Quando o Sol se fez escuro, na manhã do dia da Caçada do Javali, Ele já estava na floresta, seguindo pelas trilhas.
Olhou para o céu matinal por entre os ramos das árvores, viu as estrelas ressurgidas na noite restaurada, ouviu o súbito silêncio das aves intimidadas pela escuridão inesperada, e em todos estes presságios Ele viu o que seria desse dia.
(Não que ele já não soubesse, tendo repetido vezes sem fim o seu ciclo ritual -- os passos dessa dança cósmica lhe eram bem familiares, e os eventos celestes apenas acentuavam o tom dramático do que estava por vir, mas os hábitos do Oráculo que era o forçaram a parar por instantes para ler os sinais e deles extrair o sentido oculto).

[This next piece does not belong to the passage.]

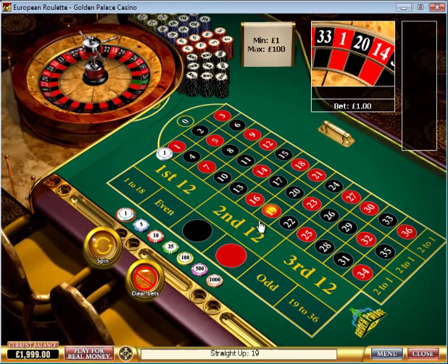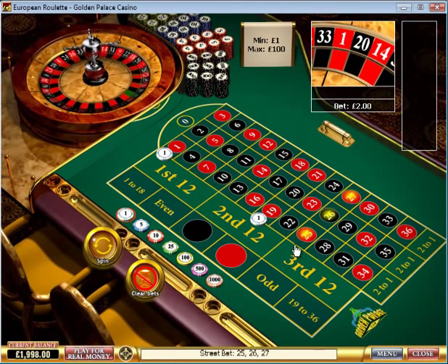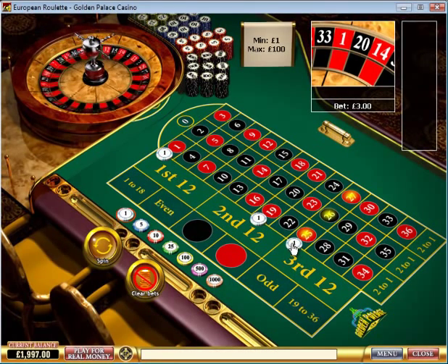Likewise, anywhere on the table, whichever three numbers you want to select, just place your chip on the outside edge of the table there, and that's called a street bet at 11 to 1 odds.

A sombra passou, o dia nasceu após a pausa imprevista, e a Caçada seguiu, da aurora ao meio-dia, do meio-dia ao entardecer: logo Ele chegou na clareira no centro da grande floresta, e seguiu até a pedra elevada no centro das trilhas que ali se cruzavam.
Ele tocou as manchas de sangue que a recobriam, as mais recentes de meio ano atrás (quando foi a vez do Javali ser o sacrifício), as mais antigas se perdendo no tempo-fora-do-tempo, e esperou.
Logo (ou uma eternidade depois?) o som de galhos quebrados, o pânico de animais e aves fugindo da destruição encarnada que se movia entre eles, e o tremor que a pedra ecoava de cascos em corrida furiosa, anunciaram o fim da espera, e o Javali entrou na clareira sagrada.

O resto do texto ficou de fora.